Detrás de los postigos, a la luz de dos velas que habían llegado casi hasta las arandelas de los candeleros, Stephen leía el cuaderno de Johnson. Entonces llamaron a la puerta.
—¡Dios mío, es Johnson! —susurró Diana.
Volvieron a llamar y ella, subiendo la voz, preguntó:
—¿Quién es?
—El señor Michael pregunta si la señora Villiers puede recibirle —dijo el viejo portero del hotel, casi la única persona que todavía estaba trabajando.
—Sí, sí. Dígale que suba.
Pasaron los minutos, minutos que parecían sumamente largos, y por fin llegó.
—Siento haber tardado tanto —dijo—. Me quedé abajo hasta que vi salir del bar al último oficial francés. Ahora están junto a la puerta riendo y discutiendo y al menos uno de ellos está borracho. Podremos irnos dentro de pocos minutos. Mi padre y el capitán Aubrey están abajo con el coche. Voy a bajar y cuando ellos se vayan vendré a avisarles.
—Estaremos preparados —dijo Stephen, levantándose de un salto—. Diana, llévate un poco de ropa.

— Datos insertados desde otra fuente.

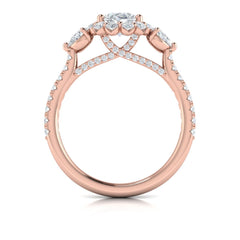 Blossom Halo Oval Engagement Ring with Pear Side Diamonds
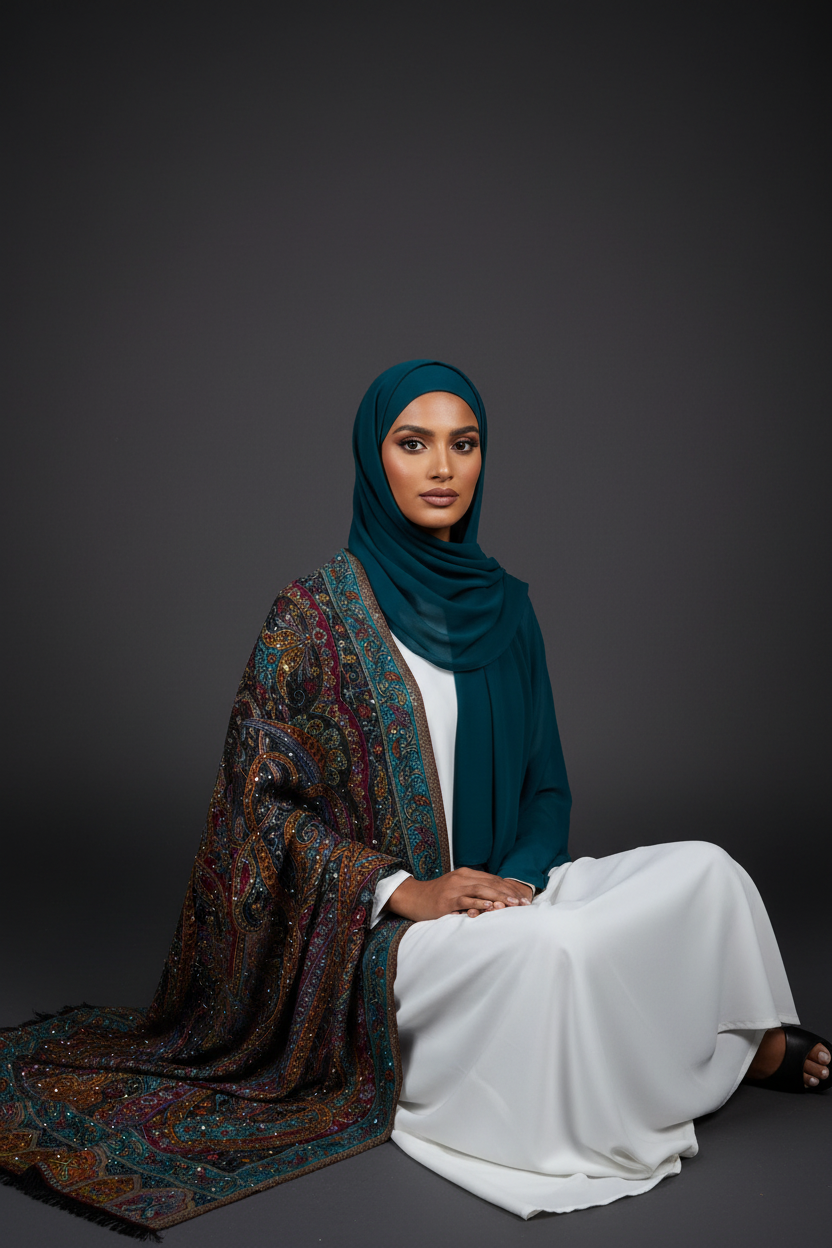 The Peacock Persian Pashmina Abaya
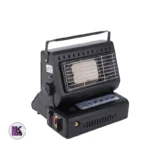 تصویری از جلو اجاق گاز و بخاری سفری دو کاره رنگ مشکی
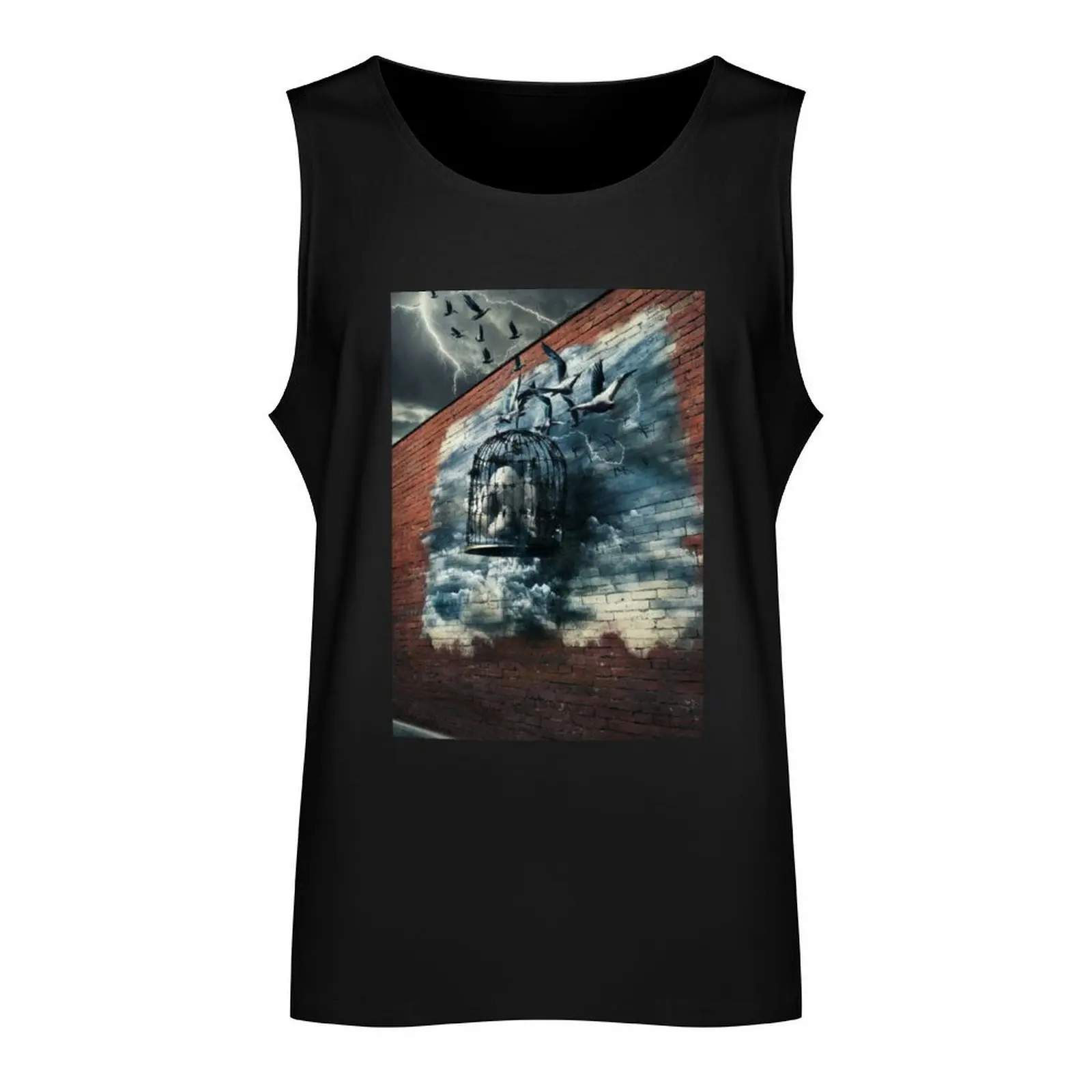 Birds Stencil Graffiti Tank Top t-shirt for men Man gym clothes t-shirt Men's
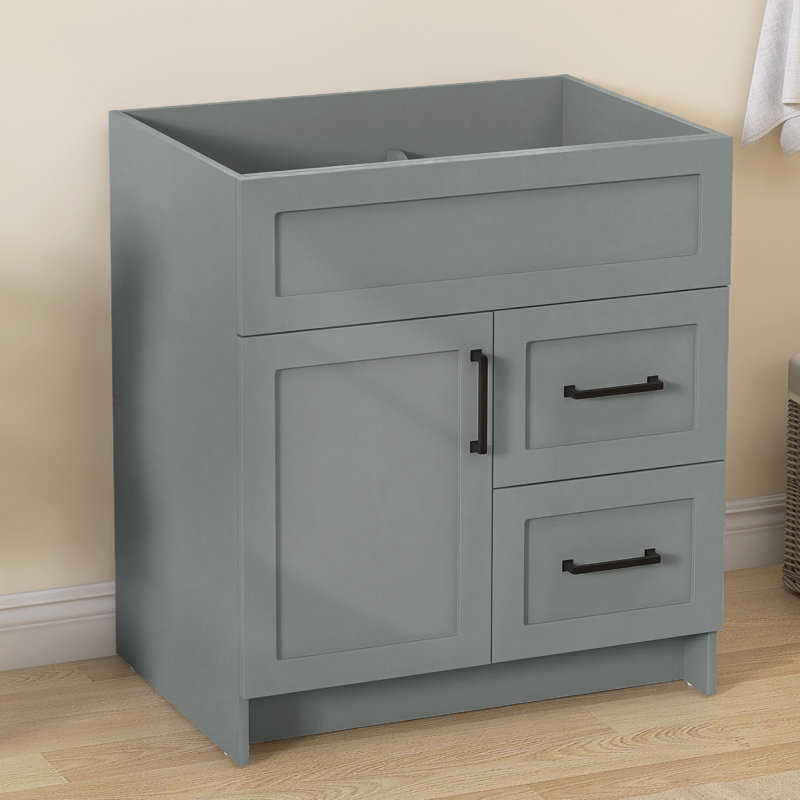 30" W X 21.5" D X 33.44" H Freestanding Sky Grey Bath Vanity Cabinet Without Top Modern Stand Alone Bathroom Cabinet Unassembled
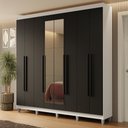 Ver imagem 1 de Guarda-Roupa Casal com Pés 8 Portas Batentes com Espelho Netuno Madesa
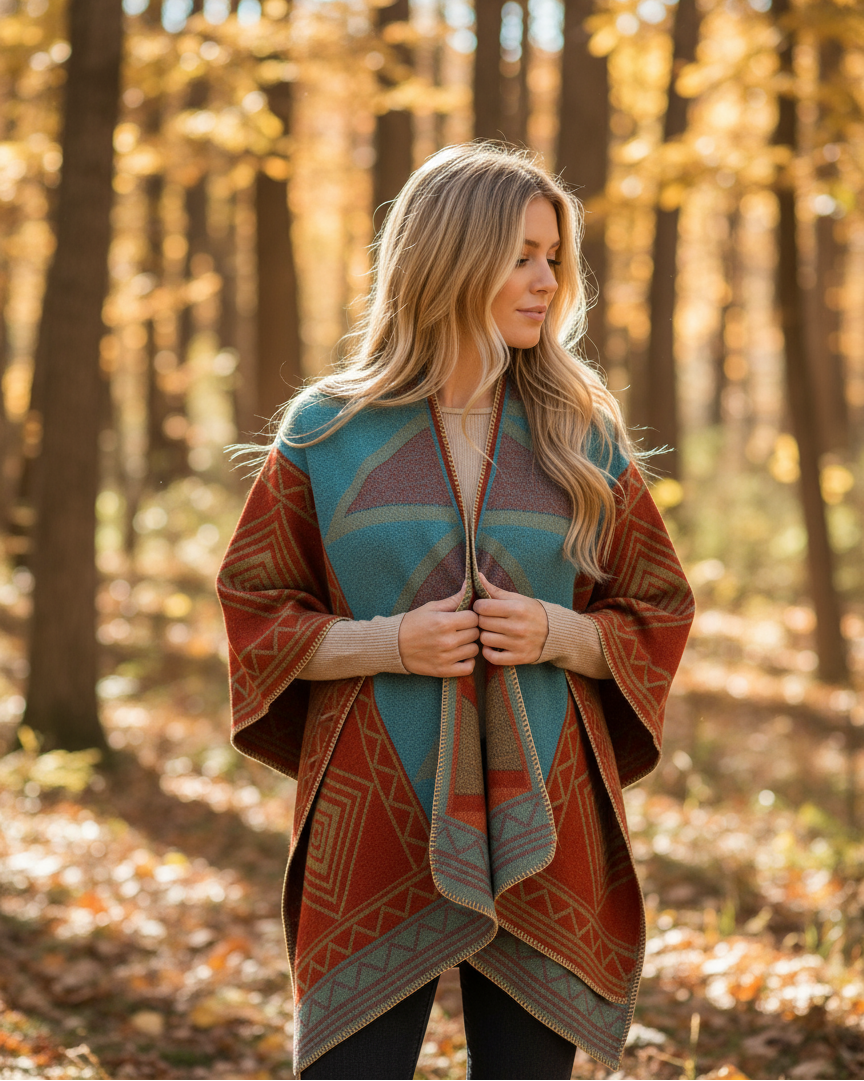 Women's Geometric Open-Front Shawl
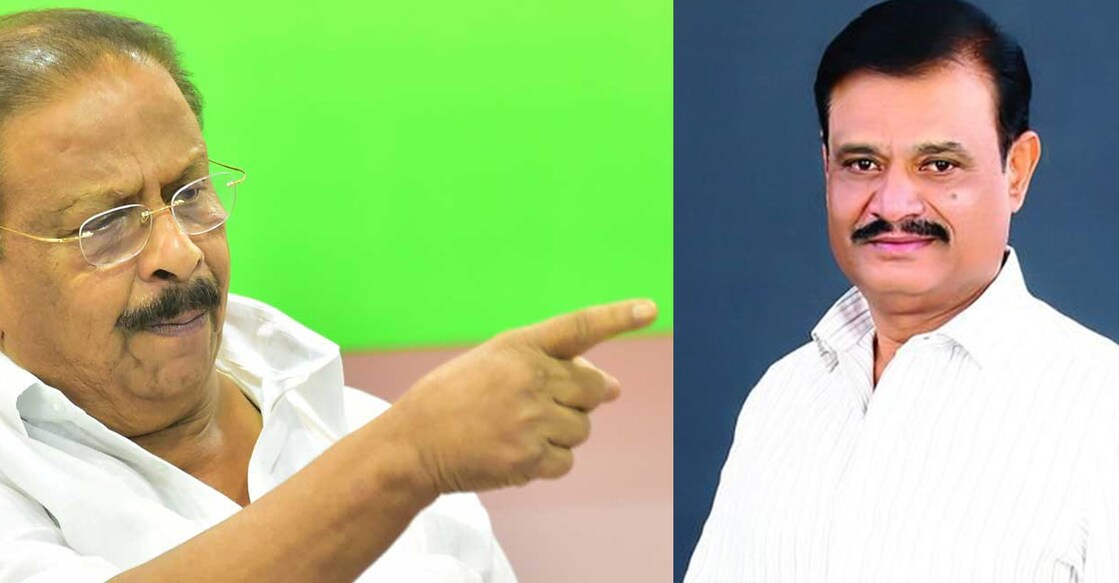 Sudhakaran (left) on Sunday shared on social media video clips of news reports wherein Munirathna is heard making remarks inciting violence against Christians. Photo: Manorama/Twitter/@MunirathnaMLA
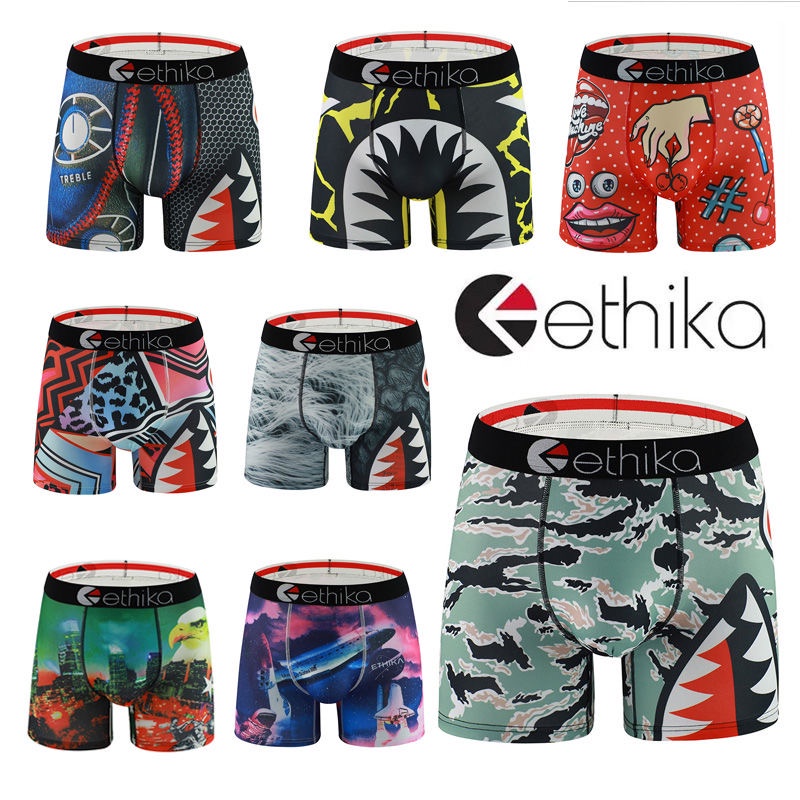Ethika กางเกงชั้นในขาสั้น ผ้าเรยอน ระบายอากาศ แห้งเร็ว พิมพ์ลาย US แฟชั่นสําหรับผู้ชาย เหมาะกับการเล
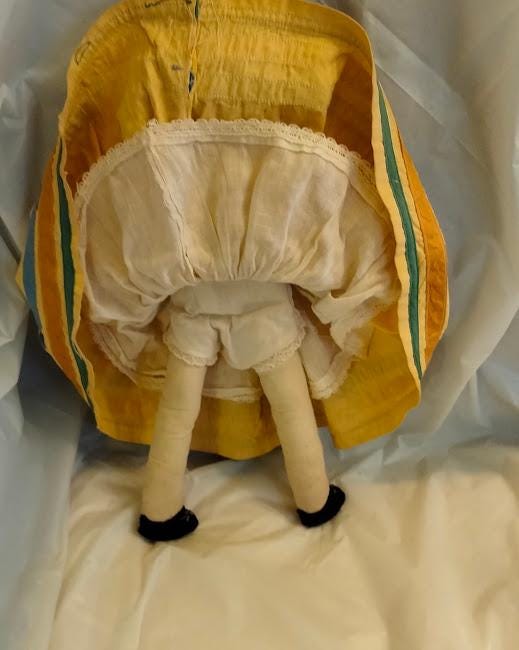 Vintage 1940s Mexican Festival Cloth Doll – 13" Handcrafted Heirloom Display Piece
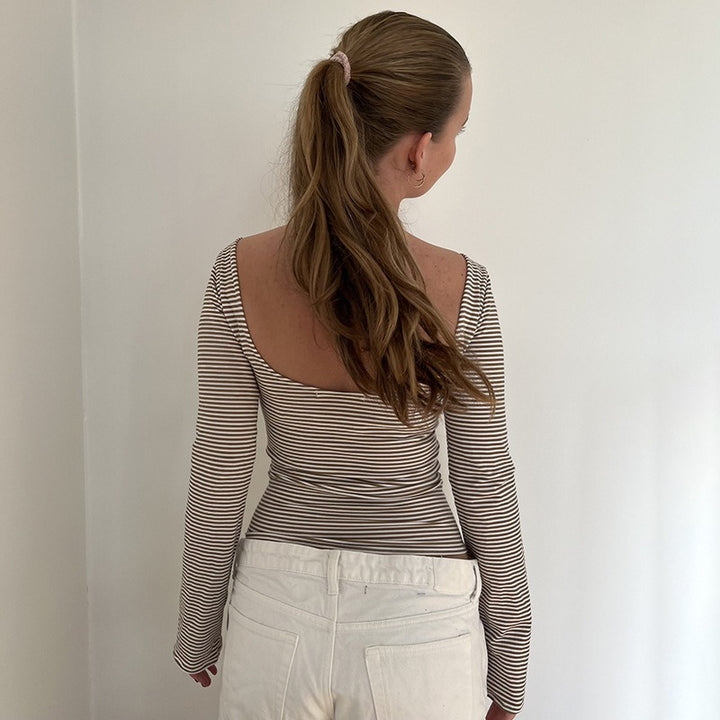 Brown Full Sleeves Fitted Top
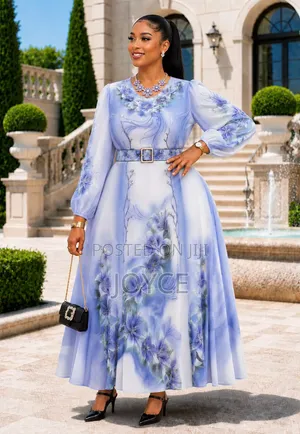 Chiffon Long Flowered Dress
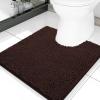 imageSmiry Toilet Rugs UShaped 20x20 and Toilet Lid Cover 175x15 Soft and Absorbent Shaggy Bath Mat Machine Washable NonSlip Plush Carpet Runner for Tub Shower and Floor Home DecorBrown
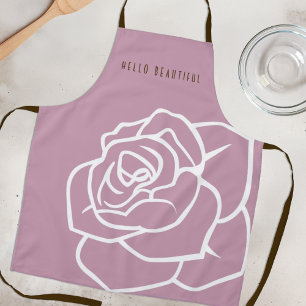 Hello Beautiful - Modern Chic Pink Rose Apron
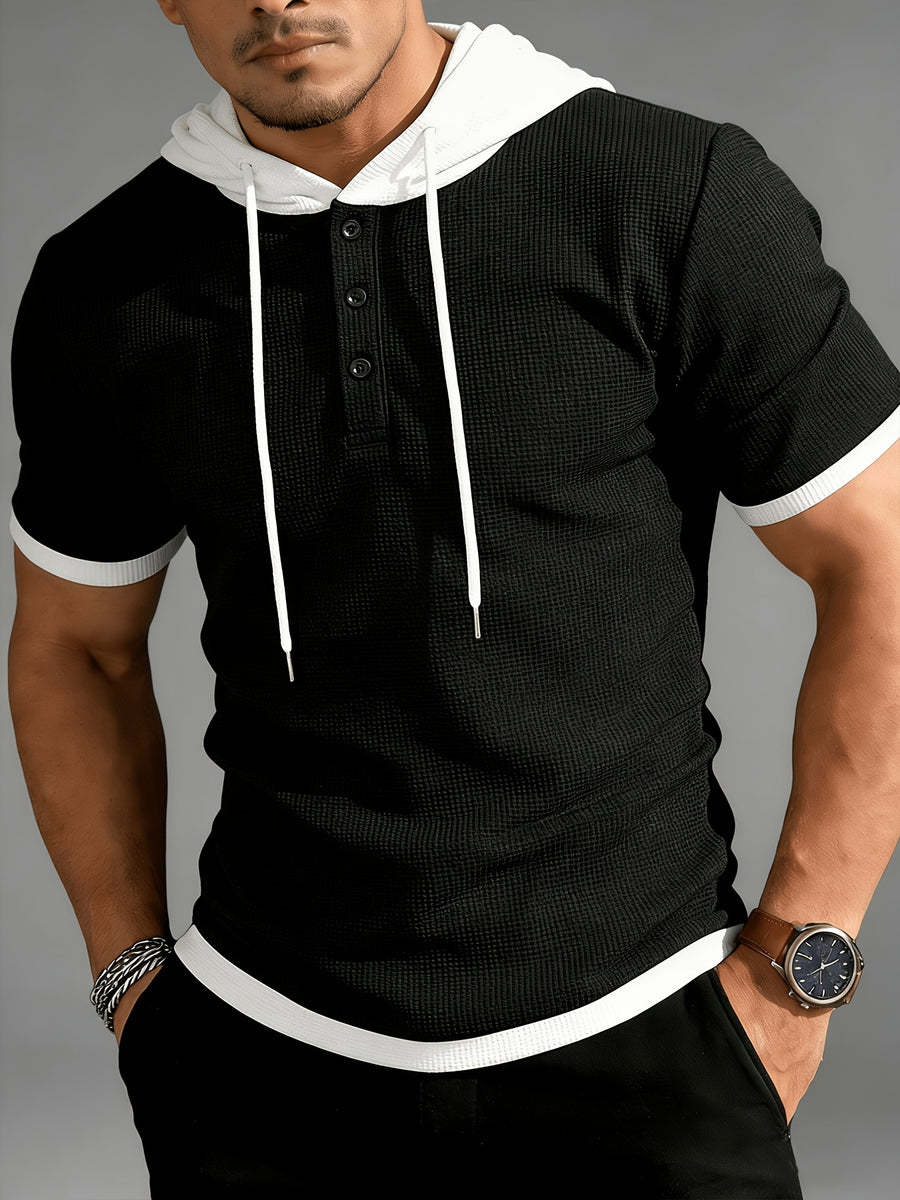 Josh Rose Summer Men's High-Quality Waffle Hooded Short-Sleeve T-Shirt - Unique Fashionable Patchwork Design with Special Textured Fabric, Adjustable Drawstring with Button, Suitable for Gym Workouts, Sports, Casual Wear, Outdoor Camping - Black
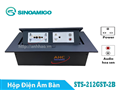 Hộp ổ điện âm bàn văn phòng Sioamigo STS-212GST-2B màu đen. Tích hợp 3 ổ điện, 1 ổ Audio 3.5 hoa sen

Entonces fue a la habitación de Johnson y seleccionó rápidamente algunos papeles. Por la puerta entreabierta del retrete, a la luz de la vela, vio el pálido rostro de Dubreuil y le pareció que se movía, que había perdido el horrible rigor provocado por la muerte. Luego regresó, se sentó y se puso el montón de papeles sobre las piernas.
—Stephen, antes dijiste que los diamantes estaban en el escritorio de Johnson… —susurró Diana—. ¿Está abierto?
—Sí. Pero no entres ahí, Diana, porque verás algo espantoso.
—¡Bah! —dijo ella—. Eso no me importa. Son míos. Me los he ganado.
Regresó con el estuche de los diamantes dejando tras de sí un rastro de sangre.
—Me los he ganado por haber atendido a todos esos políticos que invitaba y por las traducciones…
Stephen bajó la vista. La Diana que él había conocido hacía años nunca habría dicho las primeras palabras, y en el improbable caso de que las hubiera dicho, nunca habría añadido esa explicación. En cierto modo, ella se daba cuenta de eso.
—No sabía que tenías relación con los Servicios Secretos, Maturin.
—Ya no —respondió él—. Pero conozco al jefe de los Servicios Secretos del Ejército en Halifax y creo que estos documentos pueden servirle.
Herapath asomó la cabeza por la puerta.
—Ya se van —dijo—. Ya están en el vestíbulo. Bajemos ahora.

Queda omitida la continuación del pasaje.